History, familiar experiences, respect for authority; those sound like the absolute opposite of me. I enjoy very little parts of concentrated history, like WW2, but generally the interest is very minimal. Mostly I'm interested in the weapons used at that time, USSR and Nazis, due to certain video games and movies, to see how the game/movie reflects the reality. Although, I'm also interested in it from the way of very gore, brutal, heavy that were oddly interesting in 20th century. I'm also somewhat interested in the mafia in the US during the 60s. But my interest doesn't go to the factual level, dates, names, specific little events, etc.. When I think about it, it seems to go as far as the abstract idea presented in a video game/movie goes, not further. Mainly I don't think that I have spend more than an hour throughout my lifetime reading on those subjects... And most of that time I was checking if the weapons presented in the video games were realistic or not, so yea, I have almost absolutely no interest in history.
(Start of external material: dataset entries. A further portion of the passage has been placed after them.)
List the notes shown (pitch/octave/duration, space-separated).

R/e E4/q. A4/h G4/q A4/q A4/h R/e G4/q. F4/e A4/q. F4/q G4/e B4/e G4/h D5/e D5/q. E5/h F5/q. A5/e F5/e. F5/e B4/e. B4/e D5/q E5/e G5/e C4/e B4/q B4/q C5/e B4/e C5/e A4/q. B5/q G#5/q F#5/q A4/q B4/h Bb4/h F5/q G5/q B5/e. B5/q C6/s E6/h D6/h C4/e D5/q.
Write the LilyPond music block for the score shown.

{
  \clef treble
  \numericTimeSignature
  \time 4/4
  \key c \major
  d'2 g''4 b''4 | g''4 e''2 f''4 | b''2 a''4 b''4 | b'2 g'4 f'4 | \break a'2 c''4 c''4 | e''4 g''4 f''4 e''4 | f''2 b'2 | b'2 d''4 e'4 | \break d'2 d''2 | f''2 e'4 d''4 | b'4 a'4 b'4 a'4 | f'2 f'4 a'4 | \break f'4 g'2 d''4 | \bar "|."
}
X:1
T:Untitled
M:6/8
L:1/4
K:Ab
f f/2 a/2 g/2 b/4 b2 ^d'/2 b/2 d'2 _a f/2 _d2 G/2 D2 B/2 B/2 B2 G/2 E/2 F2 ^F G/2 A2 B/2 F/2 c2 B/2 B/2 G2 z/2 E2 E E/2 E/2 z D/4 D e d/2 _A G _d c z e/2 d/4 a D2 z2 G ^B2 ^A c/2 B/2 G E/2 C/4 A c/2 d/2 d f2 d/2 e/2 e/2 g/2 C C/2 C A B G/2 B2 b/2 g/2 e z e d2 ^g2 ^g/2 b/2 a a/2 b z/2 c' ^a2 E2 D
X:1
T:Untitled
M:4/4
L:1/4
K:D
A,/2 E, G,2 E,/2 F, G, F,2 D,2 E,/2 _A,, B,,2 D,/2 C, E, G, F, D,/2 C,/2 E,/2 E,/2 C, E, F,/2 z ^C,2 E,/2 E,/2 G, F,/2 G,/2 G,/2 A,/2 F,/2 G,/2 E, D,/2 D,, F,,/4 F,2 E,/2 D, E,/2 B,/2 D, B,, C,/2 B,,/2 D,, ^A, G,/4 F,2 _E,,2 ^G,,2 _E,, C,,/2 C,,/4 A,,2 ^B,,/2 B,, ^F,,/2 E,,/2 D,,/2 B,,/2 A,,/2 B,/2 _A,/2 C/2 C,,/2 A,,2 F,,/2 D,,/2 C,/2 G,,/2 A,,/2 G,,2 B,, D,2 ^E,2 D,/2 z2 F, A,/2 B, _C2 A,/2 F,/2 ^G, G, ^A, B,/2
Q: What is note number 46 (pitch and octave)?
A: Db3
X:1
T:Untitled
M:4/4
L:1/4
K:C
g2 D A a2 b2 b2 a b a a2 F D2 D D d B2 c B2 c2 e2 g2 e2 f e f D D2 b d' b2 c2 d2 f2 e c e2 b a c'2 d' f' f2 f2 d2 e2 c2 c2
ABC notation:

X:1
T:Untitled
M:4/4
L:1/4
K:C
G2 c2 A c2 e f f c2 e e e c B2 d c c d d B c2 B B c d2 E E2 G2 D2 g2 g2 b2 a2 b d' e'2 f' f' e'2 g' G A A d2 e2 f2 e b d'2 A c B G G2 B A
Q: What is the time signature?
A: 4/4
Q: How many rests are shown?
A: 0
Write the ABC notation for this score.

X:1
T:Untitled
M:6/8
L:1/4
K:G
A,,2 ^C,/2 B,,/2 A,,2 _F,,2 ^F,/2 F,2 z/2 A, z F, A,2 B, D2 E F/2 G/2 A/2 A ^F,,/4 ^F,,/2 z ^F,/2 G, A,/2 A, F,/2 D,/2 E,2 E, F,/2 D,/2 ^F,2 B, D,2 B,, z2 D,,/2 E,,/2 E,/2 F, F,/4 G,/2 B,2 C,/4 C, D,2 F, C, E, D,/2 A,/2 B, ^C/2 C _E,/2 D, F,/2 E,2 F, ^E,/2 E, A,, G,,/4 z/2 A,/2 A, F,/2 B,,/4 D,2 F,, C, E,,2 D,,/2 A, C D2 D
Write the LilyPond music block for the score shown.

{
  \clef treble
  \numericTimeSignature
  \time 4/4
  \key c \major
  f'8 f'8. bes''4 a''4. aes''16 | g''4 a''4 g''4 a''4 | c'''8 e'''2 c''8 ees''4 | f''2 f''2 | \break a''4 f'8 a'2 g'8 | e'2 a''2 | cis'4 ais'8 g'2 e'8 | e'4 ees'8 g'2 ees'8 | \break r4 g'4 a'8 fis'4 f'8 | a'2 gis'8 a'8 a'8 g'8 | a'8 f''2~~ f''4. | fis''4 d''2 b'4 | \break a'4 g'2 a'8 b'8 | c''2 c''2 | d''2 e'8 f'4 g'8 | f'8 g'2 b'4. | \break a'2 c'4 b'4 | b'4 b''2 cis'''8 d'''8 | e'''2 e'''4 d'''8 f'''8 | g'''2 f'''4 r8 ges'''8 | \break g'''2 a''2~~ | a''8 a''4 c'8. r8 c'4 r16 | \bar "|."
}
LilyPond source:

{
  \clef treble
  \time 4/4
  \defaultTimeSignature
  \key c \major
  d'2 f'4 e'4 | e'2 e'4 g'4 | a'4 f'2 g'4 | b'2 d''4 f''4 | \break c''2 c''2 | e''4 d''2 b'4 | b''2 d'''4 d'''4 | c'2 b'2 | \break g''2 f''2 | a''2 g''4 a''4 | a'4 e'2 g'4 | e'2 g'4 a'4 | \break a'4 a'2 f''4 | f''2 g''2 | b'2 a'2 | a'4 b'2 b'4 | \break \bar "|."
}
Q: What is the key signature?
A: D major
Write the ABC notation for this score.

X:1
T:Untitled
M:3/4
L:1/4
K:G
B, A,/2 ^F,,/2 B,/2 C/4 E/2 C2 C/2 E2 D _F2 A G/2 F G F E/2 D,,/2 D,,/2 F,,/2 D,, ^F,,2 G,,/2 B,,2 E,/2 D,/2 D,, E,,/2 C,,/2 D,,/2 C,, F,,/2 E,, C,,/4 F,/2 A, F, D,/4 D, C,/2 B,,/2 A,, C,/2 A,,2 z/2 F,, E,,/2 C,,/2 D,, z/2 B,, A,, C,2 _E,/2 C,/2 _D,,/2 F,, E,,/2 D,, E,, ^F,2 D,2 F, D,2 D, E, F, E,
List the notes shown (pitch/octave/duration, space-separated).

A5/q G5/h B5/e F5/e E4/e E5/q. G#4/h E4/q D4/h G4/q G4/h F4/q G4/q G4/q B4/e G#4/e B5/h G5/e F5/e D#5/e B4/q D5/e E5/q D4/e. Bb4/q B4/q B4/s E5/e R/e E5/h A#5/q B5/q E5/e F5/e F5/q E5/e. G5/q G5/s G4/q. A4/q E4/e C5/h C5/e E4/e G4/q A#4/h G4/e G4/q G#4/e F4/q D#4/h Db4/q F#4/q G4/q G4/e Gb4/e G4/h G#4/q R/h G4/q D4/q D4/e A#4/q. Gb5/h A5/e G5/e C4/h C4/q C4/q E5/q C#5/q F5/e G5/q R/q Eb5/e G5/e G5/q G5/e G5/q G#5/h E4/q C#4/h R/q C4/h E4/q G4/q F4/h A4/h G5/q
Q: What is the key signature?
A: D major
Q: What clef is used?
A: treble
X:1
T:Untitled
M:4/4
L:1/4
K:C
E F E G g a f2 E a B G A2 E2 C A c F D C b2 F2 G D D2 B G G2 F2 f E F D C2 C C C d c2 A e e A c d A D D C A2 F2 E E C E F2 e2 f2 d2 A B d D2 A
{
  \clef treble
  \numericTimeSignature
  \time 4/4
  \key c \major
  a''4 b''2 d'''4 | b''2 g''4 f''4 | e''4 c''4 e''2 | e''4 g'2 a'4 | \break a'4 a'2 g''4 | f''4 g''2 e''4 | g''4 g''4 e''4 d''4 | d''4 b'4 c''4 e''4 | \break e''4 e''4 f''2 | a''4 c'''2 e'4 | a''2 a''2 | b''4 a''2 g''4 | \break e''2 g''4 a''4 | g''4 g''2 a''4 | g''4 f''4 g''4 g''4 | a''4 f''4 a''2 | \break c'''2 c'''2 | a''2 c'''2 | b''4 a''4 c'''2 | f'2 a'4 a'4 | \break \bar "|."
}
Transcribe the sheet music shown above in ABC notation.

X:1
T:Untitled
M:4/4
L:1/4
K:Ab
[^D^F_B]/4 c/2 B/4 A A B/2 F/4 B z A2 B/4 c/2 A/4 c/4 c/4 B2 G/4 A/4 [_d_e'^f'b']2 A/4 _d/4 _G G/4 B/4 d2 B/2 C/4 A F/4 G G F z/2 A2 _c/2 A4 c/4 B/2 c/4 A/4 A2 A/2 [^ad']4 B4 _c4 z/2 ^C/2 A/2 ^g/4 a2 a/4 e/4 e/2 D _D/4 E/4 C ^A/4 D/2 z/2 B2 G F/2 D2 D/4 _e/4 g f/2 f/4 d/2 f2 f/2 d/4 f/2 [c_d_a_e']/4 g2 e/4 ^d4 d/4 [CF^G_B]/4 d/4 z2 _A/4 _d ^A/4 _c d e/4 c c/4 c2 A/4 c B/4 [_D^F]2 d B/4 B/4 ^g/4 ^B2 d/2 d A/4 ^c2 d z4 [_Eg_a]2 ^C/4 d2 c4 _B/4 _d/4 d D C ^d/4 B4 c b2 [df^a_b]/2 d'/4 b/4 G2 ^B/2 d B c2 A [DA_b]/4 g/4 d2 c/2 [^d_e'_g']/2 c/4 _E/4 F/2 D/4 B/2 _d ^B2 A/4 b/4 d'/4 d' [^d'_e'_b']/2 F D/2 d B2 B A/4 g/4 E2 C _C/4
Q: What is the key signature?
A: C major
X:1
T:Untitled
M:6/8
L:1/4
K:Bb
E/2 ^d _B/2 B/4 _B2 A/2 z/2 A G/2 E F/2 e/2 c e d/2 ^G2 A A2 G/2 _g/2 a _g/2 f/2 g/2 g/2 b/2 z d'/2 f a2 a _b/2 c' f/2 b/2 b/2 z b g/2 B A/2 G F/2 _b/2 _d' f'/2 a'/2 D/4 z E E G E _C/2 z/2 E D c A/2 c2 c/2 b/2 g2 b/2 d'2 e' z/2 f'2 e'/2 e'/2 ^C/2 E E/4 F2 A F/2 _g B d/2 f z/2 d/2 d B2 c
The ISTP friend of mine, his favorite subject is history, he spends hours reading on the thing, every little detail, year, name, event, title, war... He can get very annoying when conversing with me, for referring to various people, actions, experiences, or even quotes. "Think for yourself, will ya?", I think (or say) after he quotes someone or gives me a reference to some war or a decision some leader made...


----------



## Boolean11 (Jun 11, 2012)

_unkwn_ ENTJ, you start with judgement, not perception.


----------



## Julian Bocking (Jul 17, 2012)

Are you sure you're an NT? After rereading everything you've posted you sound more like an ESTJ than any NT


----------



## Coyote (Jan 24, 2012)

@unkwn: You might want to look at your inferior function. I haven't seen you try to reject Sensation, which would likely be the case if you were Ni-dom. But you seem to be rejecting Feeling so completely that I wonder why your unconscious isn't rearing up to bite you in the ass. It doesn't like to be disrespected, and you seem to go out of your way to insult Feeling values. I'd say that's your weak spot, and thus your inferior function.


----------



## unkwn (Sep 8, 2012)

Julian Bocking said:


> Are you sure you're an NT? After rereading everything you've posted you sound more like an ESTJ than any NT


No, ESTJ descriptions don't fit me. They seem to be more... guarding? Preserving things, and I like change. Also it seems that they seem to like sports and other physical activities, like going out and all that. I can't stand physical work, sports, going to the clubs, etc.. I don't like what is considered "having fun."



Coyote said:


> @_unkwn_: You might want to look at your inferior function. I haven't seen you try to reject Sensation, which would likely be the case if you were Ni-dom. But you seem to be rejecting Feeling so completely that I wonder why your unconscious isn't rearing up to bite you in the ass. It doesn't like to be disrespected, and you seem to go out of your way to insult Feeling values. I'd say that's your weak spot, and thus your inferior function.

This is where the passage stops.